Required work: Print the lines in the listing below that fall between the line with "Lego Acrobatic Curl: Devastating" and the line with "LUP CLICKER INVISIBLE LISO TITANIO ROSA", those two lines included, exactly as they stand and with nothing else.

Data in this exercise:
******

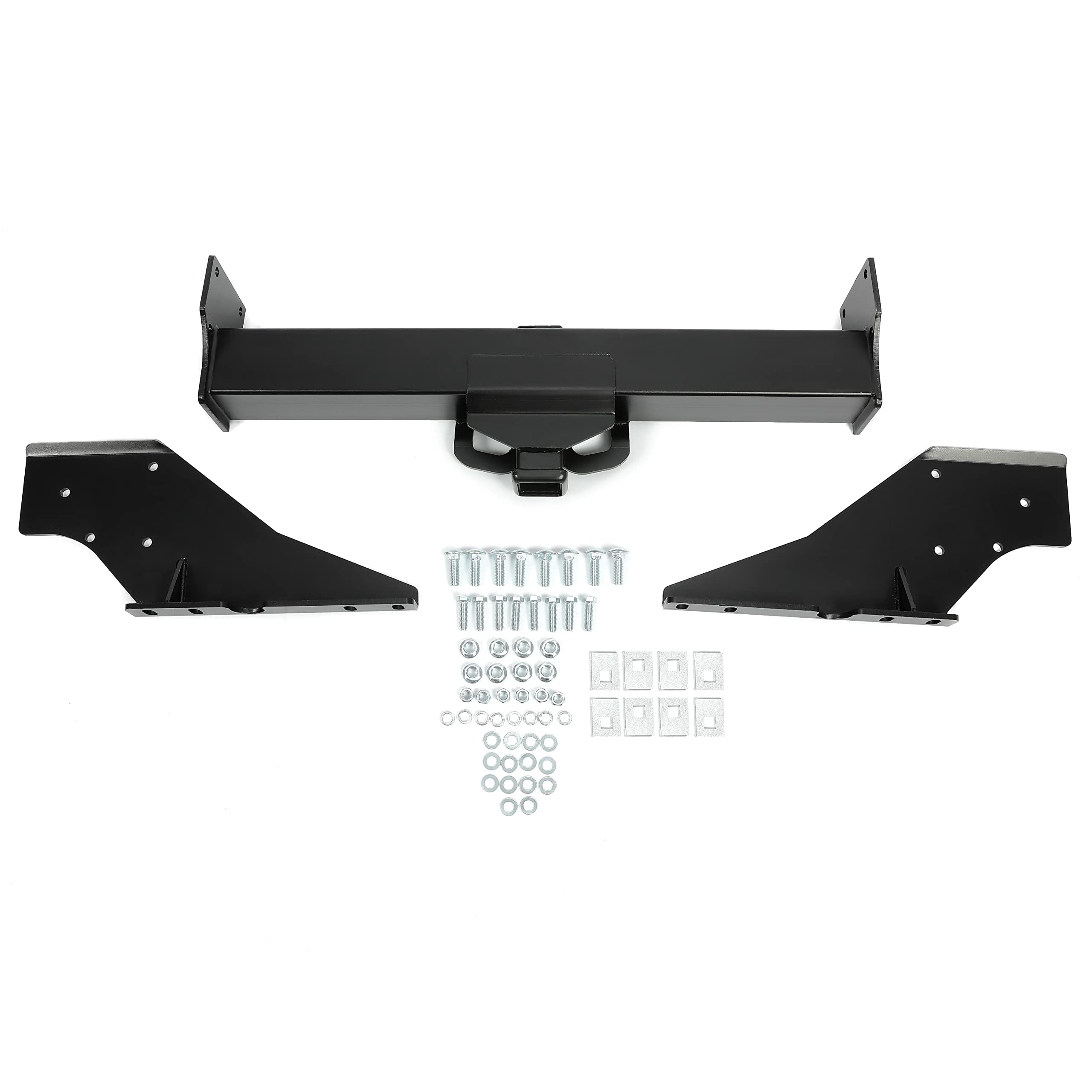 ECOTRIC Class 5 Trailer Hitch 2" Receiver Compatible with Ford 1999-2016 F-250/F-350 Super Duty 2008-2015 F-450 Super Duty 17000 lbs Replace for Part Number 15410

******

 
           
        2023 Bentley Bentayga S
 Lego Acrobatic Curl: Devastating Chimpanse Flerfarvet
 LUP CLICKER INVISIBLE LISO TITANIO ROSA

******

Response for this exercise:
 Lego Acrobatic Curl: Devastating Chimpanse Flerfarvet
 LUP CLICKER INVISIBLE LISO TITANIO ROSA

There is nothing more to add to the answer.